Budget deal averts closures, layoffs, Quinn says

Associated Press
Updated 11/28/2011 10:39 PM

SPRINGFIELD -- Gov. Pat Quinn and legislative leaders agreed Monday to cancel plans for closing state facilities and cutting nearly 2,000 jobs by taking money from elsewhere in the state budget, including about $100 million originally earmarked for education.

If the agreement is approved by lawmakers, it would save a prison, a center for juvenile offenders and centers for the mentally ill and developmentally disabled.


Quinn's budget director, David Vaught, stressed that the plan will not increase overall state spending. Instead, it moves money around within the budget.

"By pushing spending down over here, we're able to use that money over there for different purposes," Vaught told The Associated Press.

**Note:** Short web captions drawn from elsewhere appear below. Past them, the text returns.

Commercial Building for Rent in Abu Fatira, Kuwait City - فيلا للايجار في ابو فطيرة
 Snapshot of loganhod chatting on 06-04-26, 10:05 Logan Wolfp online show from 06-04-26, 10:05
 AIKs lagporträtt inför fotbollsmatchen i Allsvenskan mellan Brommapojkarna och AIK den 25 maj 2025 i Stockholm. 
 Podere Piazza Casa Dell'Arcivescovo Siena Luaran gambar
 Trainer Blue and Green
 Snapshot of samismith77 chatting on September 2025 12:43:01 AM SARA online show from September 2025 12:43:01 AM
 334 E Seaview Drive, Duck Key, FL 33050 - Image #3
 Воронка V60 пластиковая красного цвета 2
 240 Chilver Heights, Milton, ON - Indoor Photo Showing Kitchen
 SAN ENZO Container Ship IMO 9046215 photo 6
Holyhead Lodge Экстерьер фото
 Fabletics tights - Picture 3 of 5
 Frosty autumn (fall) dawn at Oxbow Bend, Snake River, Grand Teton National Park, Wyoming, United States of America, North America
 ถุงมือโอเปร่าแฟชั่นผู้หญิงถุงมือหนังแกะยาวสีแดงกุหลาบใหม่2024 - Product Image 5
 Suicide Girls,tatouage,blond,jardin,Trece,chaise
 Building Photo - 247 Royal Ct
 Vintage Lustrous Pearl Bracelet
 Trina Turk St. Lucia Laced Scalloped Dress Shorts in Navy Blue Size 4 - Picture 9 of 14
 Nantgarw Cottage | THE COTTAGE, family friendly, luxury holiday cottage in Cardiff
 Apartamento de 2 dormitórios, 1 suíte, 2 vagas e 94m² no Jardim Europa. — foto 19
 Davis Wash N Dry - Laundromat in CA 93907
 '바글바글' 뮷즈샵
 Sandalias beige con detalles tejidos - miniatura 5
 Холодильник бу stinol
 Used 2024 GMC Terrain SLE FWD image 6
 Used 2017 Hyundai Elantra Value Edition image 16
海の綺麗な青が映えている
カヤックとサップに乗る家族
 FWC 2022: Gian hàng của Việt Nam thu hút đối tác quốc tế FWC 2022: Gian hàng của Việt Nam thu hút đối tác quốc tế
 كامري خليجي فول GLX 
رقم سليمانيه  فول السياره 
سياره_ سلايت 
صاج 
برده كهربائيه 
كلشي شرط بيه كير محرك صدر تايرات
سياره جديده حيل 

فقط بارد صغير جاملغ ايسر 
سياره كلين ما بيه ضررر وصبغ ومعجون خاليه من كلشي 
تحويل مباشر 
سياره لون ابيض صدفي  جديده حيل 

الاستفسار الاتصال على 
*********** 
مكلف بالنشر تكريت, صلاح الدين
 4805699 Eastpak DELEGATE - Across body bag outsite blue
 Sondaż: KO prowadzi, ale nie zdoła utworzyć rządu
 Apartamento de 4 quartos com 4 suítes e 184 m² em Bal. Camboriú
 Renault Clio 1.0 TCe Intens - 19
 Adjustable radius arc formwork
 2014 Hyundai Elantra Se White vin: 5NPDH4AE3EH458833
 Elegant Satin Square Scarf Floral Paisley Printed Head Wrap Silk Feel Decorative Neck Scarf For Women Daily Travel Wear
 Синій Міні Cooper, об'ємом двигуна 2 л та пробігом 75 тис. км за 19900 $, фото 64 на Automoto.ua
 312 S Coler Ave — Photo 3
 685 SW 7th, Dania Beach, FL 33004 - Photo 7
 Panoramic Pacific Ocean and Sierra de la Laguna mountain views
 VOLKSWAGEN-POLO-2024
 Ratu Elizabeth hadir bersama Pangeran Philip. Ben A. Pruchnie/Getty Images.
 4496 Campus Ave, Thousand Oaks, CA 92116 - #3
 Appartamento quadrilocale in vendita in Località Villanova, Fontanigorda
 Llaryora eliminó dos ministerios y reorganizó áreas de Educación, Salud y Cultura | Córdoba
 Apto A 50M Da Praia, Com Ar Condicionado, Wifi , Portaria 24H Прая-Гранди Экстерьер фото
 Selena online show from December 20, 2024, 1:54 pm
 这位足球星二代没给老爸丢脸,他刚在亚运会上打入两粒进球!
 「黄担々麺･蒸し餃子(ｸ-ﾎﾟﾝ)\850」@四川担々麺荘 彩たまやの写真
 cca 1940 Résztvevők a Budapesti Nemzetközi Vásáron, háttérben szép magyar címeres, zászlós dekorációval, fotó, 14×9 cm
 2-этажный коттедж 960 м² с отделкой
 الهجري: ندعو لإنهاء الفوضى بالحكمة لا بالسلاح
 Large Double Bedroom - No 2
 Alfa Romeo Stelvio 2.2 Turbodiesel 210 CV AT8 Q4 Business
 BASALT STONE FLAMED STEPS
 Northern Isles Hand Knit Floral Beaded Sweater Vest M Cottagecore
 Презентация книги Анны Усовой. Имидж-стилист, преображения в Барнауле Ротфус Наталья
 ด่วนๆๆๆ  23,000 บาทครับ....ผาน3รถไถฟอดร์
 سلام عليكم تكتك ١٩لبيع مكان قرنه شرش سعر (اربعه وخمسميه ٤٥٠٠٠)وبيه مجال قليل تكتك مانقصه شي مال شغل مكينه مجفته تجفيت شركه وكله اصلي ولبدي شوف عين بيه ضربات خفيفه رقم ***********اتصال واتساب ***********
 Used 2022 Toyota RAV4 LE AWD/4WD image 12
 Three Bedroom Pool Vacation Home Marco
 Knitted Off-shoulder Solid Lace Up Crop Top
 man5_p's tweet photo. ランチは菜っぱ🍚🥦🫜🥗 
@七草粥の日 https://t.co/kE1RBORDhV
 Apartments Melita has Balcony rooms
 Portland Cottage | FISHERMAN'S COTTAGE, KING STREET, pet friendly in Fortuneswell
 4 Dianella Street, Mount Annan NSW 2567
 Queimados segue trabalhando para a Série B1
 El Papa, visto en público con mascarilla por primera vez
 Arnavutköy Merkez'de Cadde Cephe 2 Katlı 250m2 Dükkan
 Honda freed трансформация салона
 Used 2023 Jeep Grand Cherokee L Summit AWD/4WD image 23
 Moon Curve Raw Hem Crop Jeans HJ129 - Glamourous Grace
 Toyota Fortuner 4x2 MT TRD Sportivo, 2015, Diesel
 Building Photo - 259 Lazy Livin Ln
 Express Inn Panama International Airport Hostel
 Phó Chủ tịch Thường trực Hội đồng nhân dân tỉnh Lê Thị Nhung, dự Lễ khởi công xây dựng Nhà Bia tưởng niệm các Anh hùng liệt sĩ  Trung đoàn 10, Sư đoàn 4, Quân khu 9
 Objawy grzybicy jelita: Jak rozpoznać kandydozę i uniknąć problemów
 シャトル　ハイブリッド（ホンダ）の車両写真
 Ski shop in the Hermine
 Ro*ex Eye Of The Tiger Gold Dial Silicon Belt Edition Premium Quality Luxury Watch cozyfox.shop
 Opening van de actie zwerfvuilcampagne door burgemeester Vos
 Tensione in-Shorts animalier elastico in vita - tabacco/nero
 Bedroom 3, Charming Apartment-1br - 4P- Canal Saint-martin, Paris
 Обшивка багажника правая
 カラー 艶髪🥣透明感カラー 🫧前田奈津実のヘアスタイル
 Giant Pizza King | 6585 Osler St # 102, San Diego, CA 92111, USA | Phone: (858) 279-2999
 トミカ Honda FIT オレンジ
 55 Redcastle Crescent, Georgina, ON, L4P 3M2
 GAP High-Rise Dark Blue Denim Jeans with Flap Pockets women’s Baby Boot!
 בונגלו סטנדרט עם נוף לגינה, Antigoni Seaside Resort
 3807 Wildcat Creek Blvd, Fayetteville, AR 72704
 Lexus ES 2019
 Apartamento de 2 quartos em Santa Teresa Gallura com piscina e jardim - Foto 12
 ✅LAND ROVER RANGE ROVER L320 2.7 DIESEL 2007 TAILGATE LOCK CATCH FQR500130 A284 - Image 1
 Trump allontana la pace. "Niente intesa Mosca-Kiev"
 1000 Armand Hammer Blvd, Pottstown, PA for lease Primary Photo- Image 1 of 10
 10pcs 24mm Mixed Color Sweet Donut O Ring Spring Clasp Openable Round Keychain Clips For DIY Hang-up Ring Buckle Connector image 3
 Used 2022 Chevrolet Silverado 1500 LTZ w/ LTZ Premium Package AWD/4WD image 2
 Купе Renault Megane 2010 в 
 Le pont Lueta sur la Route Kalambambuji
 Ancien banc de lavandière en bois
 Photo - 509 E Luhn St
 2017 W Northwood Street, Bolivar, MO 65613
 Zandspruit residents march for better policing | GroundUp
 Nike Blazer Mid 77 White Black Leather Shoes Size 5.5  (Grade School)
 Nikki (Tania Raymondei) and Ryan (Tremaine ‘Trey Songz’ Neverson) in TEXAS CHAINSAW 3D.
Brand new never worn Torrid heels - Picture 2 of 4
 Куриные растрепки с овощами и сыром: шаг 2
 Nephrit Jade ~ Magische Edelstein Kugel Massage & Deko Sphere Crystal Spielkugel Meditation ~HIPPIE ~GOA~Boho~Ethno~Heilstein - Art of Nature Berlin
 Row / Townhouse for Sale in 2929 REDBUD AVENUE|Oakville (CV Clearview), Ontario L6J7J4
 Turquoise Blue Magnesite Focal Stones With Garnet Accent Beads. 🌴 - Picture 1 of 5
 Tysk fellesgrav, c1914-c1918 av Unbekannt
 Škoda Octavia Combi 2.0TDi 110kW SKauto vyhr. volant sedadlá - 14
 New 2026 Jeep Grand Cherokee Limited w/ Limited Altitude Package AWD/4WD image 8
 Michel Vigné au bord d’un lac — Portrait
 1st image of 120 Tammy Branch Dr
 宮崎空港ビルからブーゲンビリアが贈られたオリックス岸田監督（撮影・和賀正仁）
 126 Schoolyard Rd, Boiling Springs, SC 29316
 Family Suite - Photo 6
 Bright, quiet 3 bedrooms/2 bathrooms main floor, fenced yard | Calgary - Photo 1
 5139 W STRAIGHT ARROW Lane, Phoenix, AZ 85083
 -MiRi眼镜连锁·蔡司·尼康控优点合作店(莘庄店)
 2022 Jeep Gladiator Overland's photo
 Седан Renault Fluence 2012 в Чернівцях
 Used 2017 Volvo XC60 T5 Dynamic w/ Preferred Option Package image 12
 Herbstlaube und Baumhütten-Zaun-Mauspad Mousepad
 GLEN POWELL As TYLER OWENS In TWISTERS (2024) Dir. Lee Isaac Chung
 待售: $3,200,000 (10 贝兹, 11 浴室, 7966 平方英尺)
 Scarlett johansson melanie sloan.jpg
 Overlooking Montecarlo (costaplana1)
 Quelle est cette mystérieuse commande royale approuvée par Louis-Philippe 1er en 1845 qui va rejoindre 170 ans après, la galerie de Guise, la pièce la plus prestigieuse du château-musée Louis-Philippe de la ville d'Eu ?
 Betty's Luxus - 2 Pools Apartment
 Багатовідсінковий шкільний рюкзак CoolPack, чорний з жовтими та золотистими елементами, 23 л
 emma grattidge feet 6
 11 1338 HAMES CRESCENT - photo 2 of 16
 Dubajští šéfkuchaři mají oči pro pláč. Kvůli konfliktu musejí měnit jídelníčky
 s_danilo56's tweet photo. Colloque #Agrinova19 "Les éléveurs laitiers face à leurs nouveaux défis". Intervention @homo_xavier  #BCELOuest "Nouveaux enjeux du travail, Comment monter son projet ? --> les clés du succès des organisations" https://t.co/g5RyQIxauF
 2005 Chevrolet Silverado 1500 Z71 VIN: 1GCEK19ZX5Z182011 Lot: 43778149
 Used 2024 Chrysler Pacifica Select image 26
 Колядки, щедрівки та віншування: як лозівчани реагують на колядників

Aides to House Speaker Michael Madigan and Senate President John Cullerton, the top Democrats in the legislature, confirmed the agreement but said they had few details.

The spokeswoman for Senate Republican Leader Christine Radogno of Lemont said Republicans object to the way Democrats have handled the state budget but felt they had to reach some arrangement to avoid closing valuable state facilities.

"We were concerned about chaos from closing the facilities without a thoughtful plan," said spokeswoman Patty Schuh. "In order to avoid that, we were able to put together a reallocation agreement."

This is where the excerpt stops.